A Christmas Carol is a 1971 film adaptation of the novel of the same name. It is a half-hour animated film directed by Richard Williams (with Chuck Jones as executive producer, and Grim Natwick as an uncredited animator).
It's a faithful adaptation. Ebeneezer Scrooge, a notorious miser and curmudgeon, is visited by the ghost of his old business partner, Jacob Marley. Marley warns him of the coming of three spirits: the Ghosts of Christmas Past, Christmas Present, and Christmas Yet To Come. The ghosts teach Scrooge how to keep Christmas.
Won the Academy Award for short animated film.
A Christmas Carol provides examples of the following tropes:
- Adapted Out: The young debtors celebrating Scrooge's death are left out, as is Scrooge's sister Fan.
- Compressed Adaptation: It follows the story from the book pretty well for a 25 minute show, but naturally a lot had to be cut since it's only 25 minutes long.
- Creepy Child: Ignorance and Want, who in this version look positively demonic.
- Deranged Animation: Anything involving the ghosts, especially Marley and the Ghost of Christmas Yet to Come.
- The Ghost of Christmas Past also gets a notable mention for being very accurate to the original depiction of the book's text, which is to say, a being in constant, flickering flux of going from one body with the usual set of proportions to multiple eyes, heads, legs, and bodies all while in a pattern of rapidly aging/de-aging its appearance. the accurate description of the original character done in animation which in itself, justifies it.

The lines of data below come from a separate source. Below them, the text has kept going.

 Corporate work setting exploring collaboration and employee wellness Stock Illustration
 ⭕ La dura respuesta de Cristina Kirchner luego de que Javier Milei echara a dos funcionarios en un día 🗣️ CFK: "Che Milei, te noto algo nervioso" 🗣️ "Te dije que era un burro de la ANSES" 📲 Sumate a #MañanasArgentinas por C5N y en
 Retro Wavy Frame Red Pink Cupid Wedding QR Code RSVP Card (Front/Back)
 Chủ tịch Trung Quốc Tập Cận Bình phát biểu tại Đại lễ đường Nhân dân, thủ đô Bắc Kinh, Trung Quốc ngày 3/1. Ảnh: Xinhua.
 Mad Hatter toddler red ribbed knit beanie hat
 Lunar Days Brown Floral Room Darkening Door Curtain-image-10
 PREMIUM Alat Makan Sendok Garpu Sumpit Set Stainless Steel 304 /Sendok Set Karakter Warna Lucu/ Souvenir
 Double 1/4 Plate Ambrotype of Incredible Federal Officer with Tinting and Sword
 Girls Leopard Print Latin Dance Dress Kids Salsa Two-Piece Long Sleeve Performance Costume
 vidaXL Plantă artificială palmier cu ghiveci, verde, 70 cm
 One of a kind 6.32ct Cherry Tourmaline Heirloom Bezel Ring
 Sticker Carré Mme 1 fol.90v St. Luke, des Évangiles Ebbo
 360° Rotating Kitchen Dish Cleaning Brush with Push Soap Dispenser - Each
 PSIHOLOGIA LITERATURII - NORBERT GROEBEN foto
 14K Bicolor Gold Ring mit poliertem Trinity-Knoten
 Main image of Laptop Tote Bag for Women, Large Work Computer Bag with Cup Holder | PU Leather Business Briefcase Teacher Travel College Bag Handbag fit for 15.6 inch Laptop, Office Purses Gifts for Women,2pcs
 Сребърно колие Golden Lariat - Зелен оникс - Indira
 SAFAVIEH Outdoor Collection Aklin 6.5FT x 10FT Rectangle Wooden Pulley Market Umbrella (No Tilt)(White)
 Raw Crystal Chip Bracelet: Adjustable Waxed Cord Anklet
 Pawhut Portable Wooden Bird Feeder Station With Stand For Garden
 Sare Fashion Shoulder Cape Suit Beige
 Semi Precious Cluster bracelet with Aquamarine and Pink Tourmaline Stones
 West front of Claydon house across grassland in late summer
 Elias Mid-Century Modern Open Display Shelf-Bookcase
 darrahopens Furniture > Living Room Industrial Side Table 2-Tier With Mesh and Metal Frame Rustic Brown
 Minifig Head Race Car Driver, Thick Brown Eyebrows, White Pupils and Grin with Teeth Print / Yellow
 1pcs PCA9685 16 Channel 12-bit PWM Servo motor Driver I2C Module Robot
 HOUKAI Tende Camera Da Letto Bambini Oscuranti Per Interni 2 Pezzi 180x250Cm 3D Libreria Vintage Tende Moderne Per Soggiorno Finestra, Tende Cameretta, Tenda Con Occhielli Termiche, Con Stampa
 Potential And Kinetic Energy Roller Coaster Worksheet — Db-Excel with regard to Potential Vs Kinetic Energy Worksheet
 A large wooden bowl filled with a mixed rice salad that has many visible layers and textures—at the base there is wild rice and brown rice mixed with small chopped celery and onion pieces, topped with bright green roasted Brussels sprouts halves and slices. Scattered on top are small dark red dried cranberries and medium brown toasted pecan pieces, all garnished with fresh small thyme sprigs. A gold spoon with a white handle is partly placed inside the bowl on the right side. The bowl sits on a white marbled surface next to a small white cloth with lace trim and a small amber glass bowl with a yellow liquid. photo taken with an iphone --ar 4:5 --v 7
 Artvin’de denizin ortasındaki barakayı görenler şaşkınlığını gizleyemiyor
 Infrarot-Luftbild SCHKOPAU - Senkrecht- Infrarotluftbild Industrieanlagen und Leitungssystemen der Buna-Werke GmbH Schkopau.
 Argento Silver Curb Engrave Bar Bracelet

- Epic Tracking Shot: The animated equivalent thereof, as the film proper (after the opening credits) starts with a long swooping pan over the roofs of London before zooming down to the window of Scrooge & Marley.
- Narrator: Michael Redgrave provides narration.
- Pragmatic Adaptation: Being only 25 minutes long, hits most of the plot points of Dickens' book, but it does cut out the scene with Scrooge's sister.
- Time Passes Montage: An amazingly brief one in which the film shows Scrooge as a child at school bent over a book, then whips through several shots of a gradually aging Scrooge bent in the same sitting position, before finishing with him as a young man bent over his desk at Fezziwig's business.
- Truer to the Text:
- In Dickens' novel, the Ghost of Christmas Present shows Scrooge various scenes of lonely, isolated people keeping the holiday: a group of miners, two lighthouse keepers, and sailors on a ship at sea. These scenes are almost always left out of adaptations, but they are included here.
- This version also shows the Ghost of Christmas Present spreading Christmas cheer with flicks of his torch, and proportionally aging over the course of a single day, two plot points from Dickens that other adaptations rarely use.
- Scrooge enjoying the characters in books is kept.
- This cartoon also includes the book's subtitle "Being a Ghost Story of Christmas", which virtually no other adaptation does.
- The Ghost of Christmas Past comes closest to the description in the original book, with looking simultaneously old and young, its shape constantly flickering like a candle, and giving it the appearance of multiple eyes and limbs.